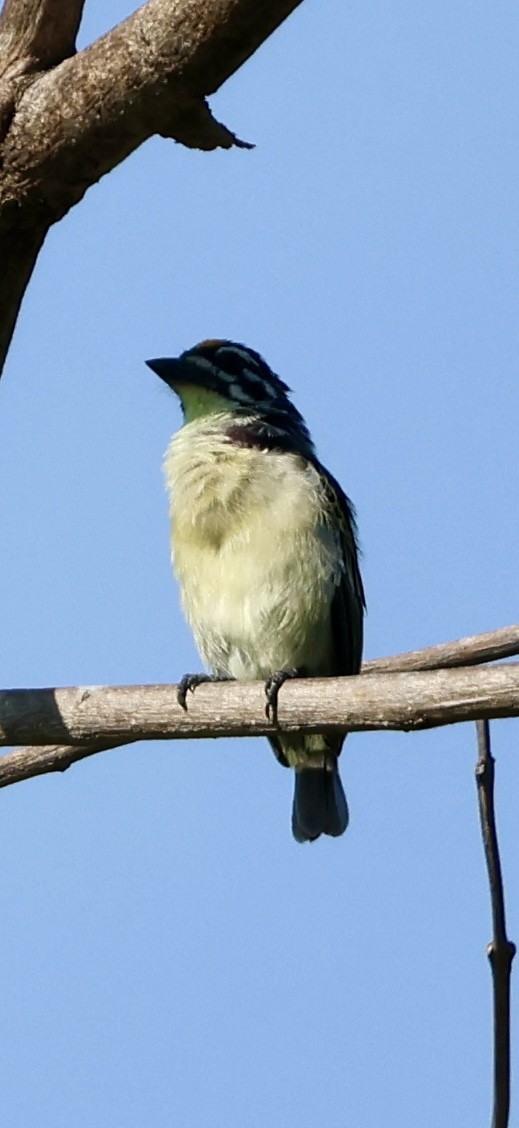 Yellow-fronted Tinkerbird - ML647117048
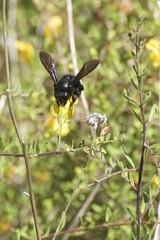 Xylocopa californica diamesa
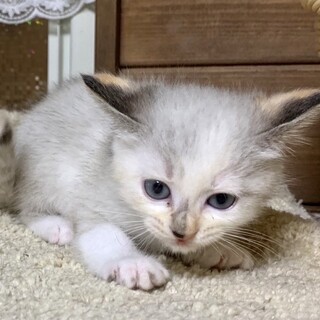子猫2ヶ月、里親募集中。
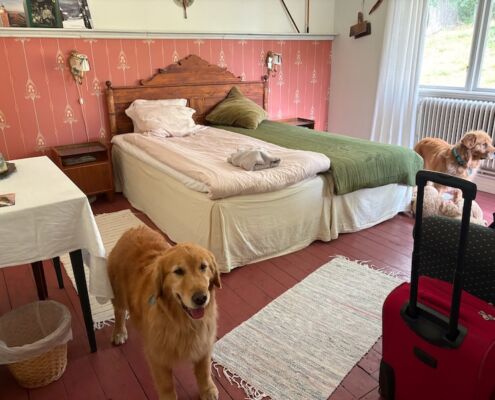 schweden-mit-hund-reisebericht-karlskrona-dogfriendly unterkunft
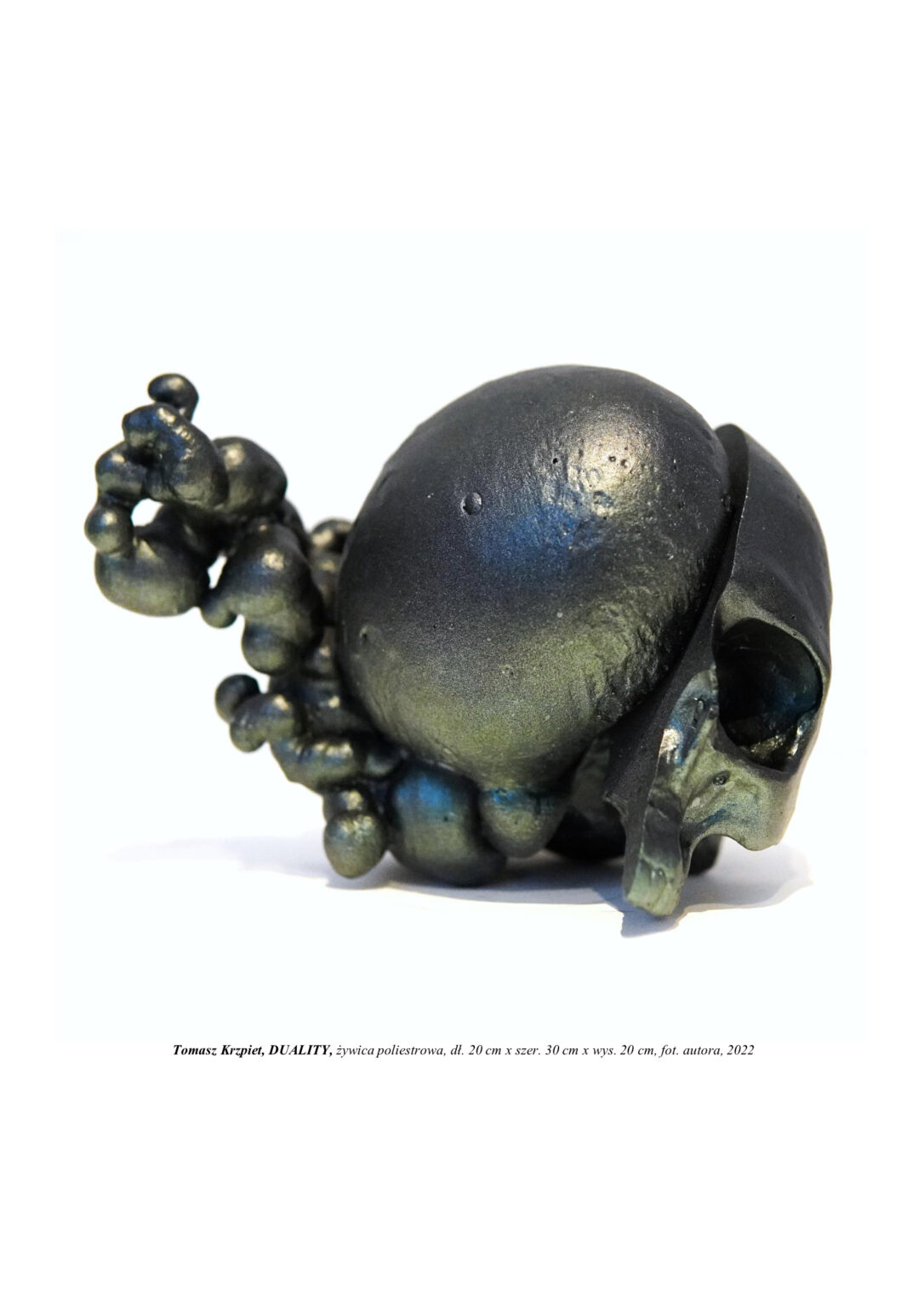 Kompozycja rzeźbiarska przypomina głowę ludzką. Z prawej strony to pół czaszki przeciętej pionowo przez środek, a z jej lewej strony brakująca część stworzona jest z pączkującej organicznej formy. Kompozycja rzeźbiarska w kolorystyce czerni i metalicznej zieleni.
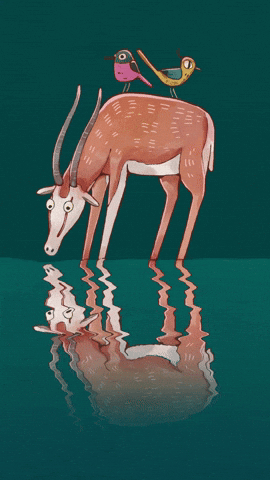 Animation Water GIF
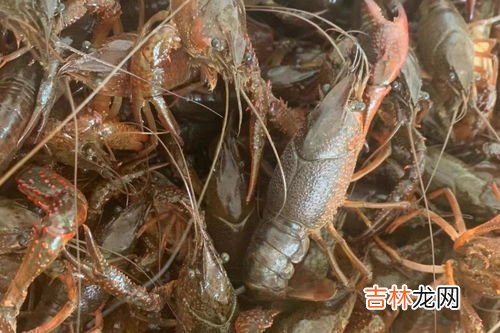 青虾和红虾的区别是什么,青壳和红壳的小龙虾有什么区别?哪种更干净?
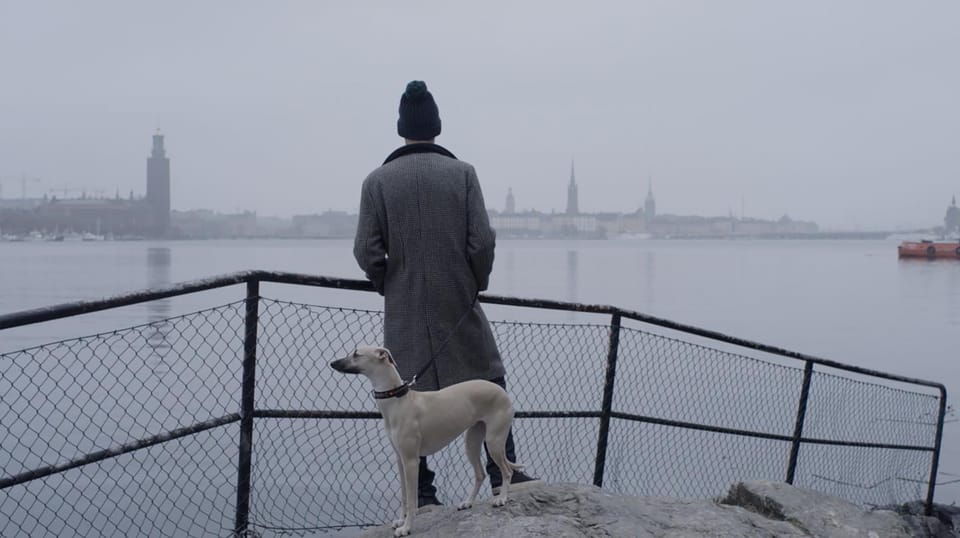 Sailor & I
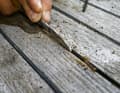 The width of the hook should correspond approximately to the joint width. If you don't want to build the tool yourself, you can also use the TDS grouting hook, but this is actually intended for the joint sealant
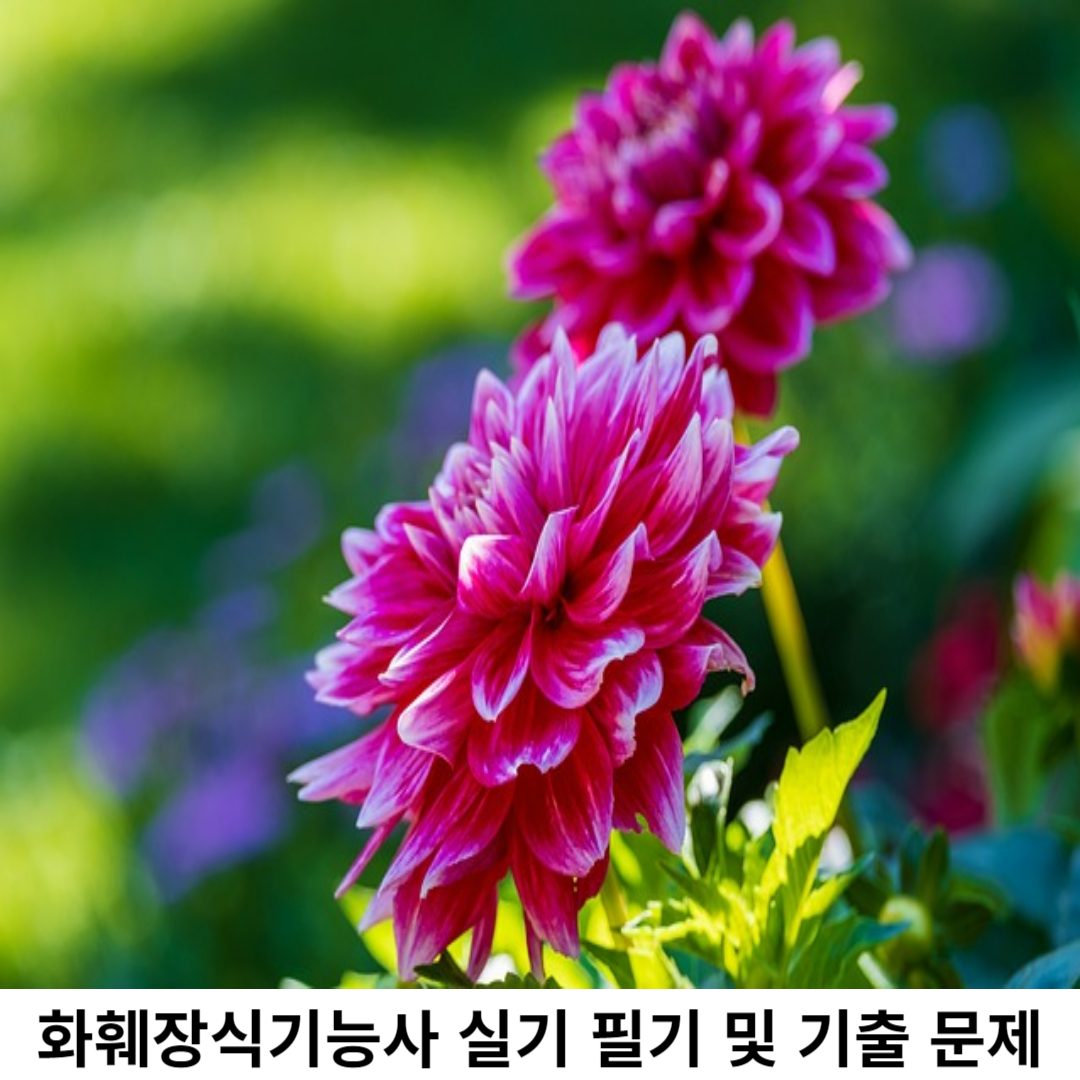 화훼장식기능사 필기 시험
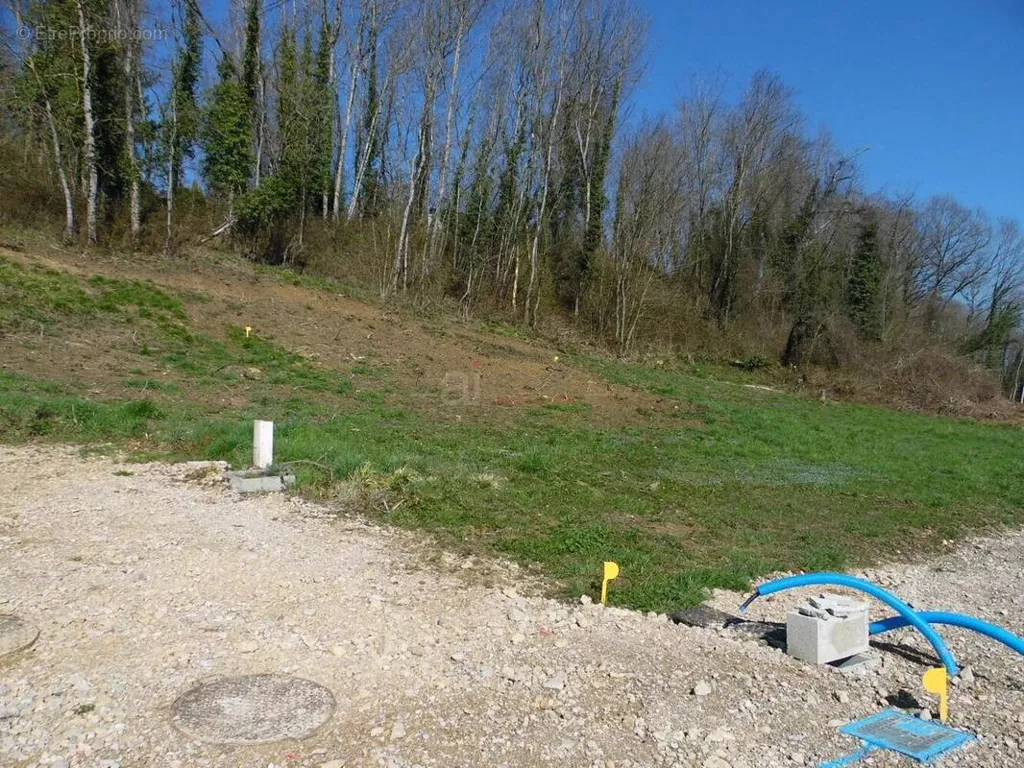 Aed - Viabilised Plot with Verdant Setting in Ain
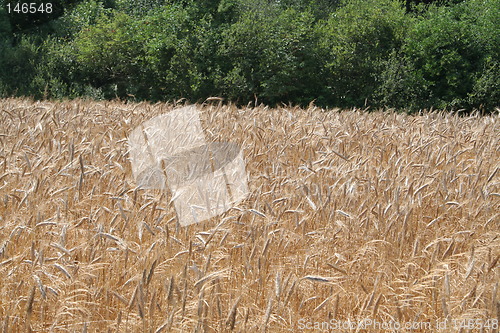 Image of Rye field beside forest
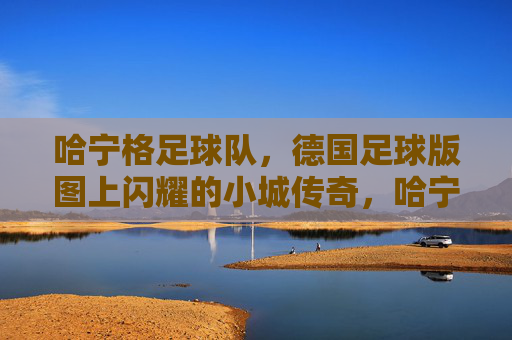 哈宁格足球队，德国足球版图上闪耀的小城传奇，哈宁格足球队，德国足球版图上闪耀的小城传奇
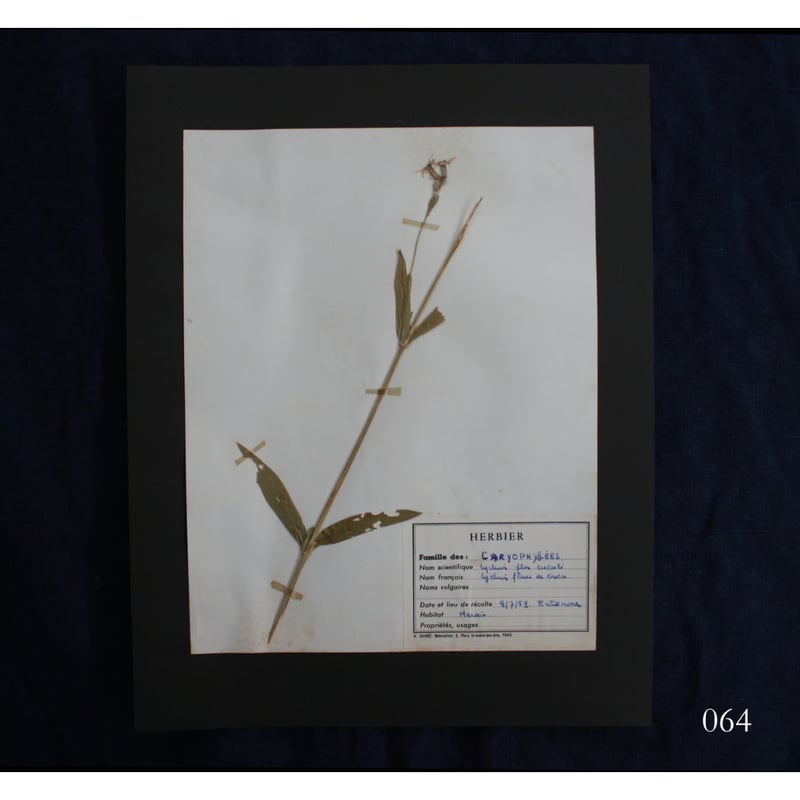 植物標本 vol.8 | antiques miyawaki modern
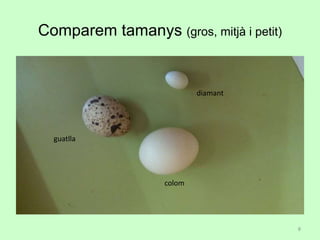 Comparem tamanys (gros, mitjà i petit)
guatlla
diamant
colom
8
 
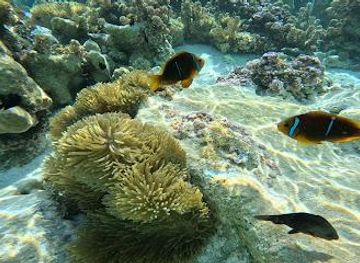 french-polynesia/raiatea/attraction/coral-garden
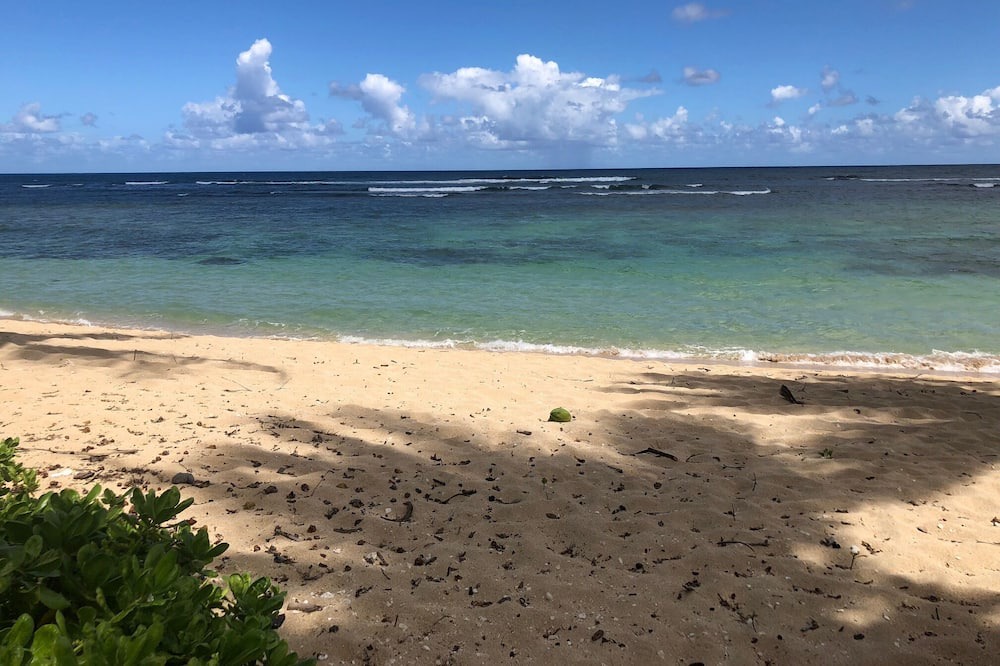 Photo of Others in Waialua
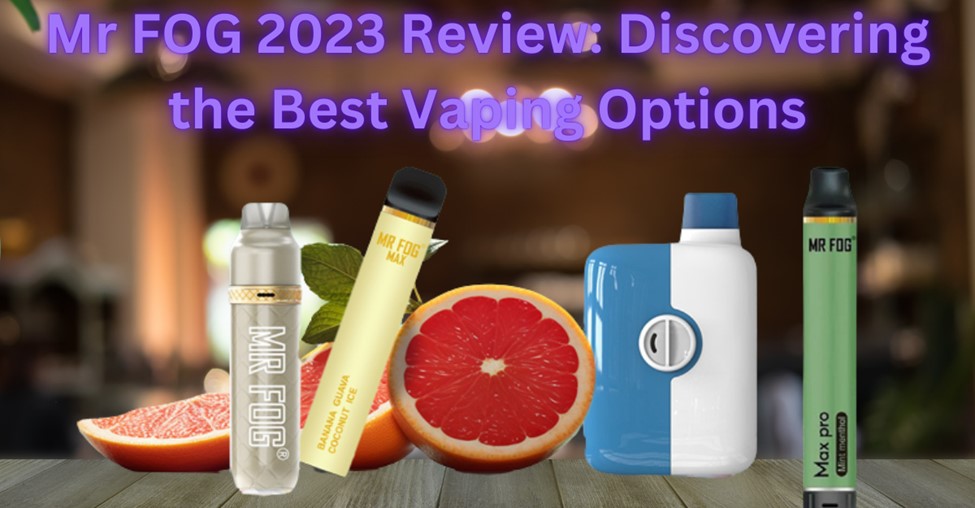 Mr FOG 2023 Review.jpg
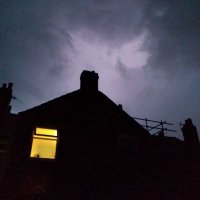 Whiterose (@whiterosehip01) 's Twitter Profile Photo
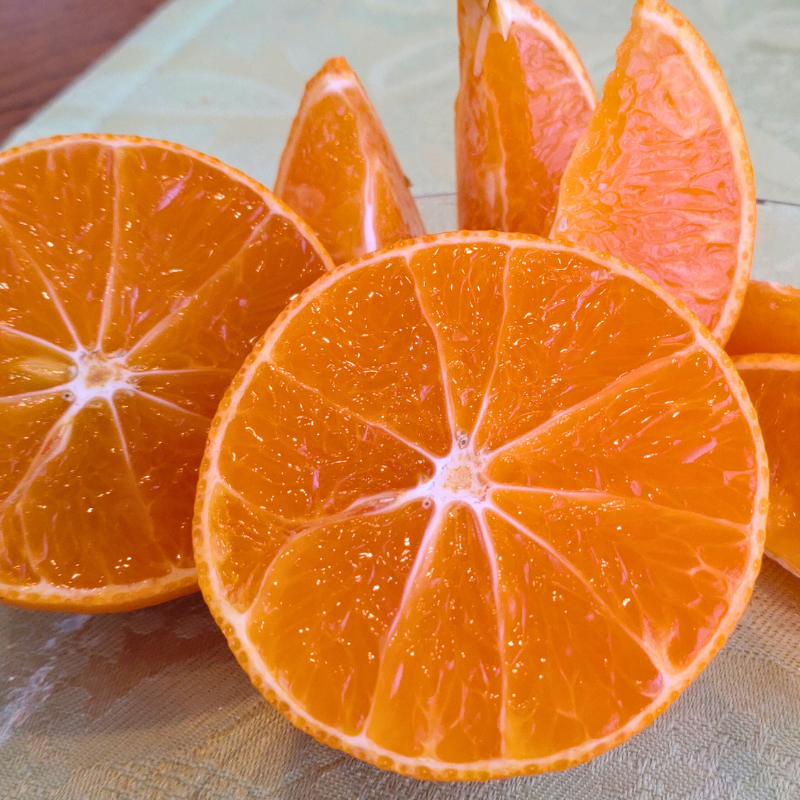 プリンセス　5Kg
★ ★ ★ ★ ★ ★ ★
Begin with the line containing "french-polynesia/raiatea/attraction/coral-garden", stop at the last line of the records above, and copy every line in between exactly, both ends included, with no pictures.

_COMPLETED EXERCISE_
 french-polynesia/raiatea/attraction/coral-garden
 Photo of Others in Waialua
 Mr FOG 2023 Review.jpg
 Whiterose (@whiterosehip01) 's Twitter Profile Photo
 プリンセス　5Kg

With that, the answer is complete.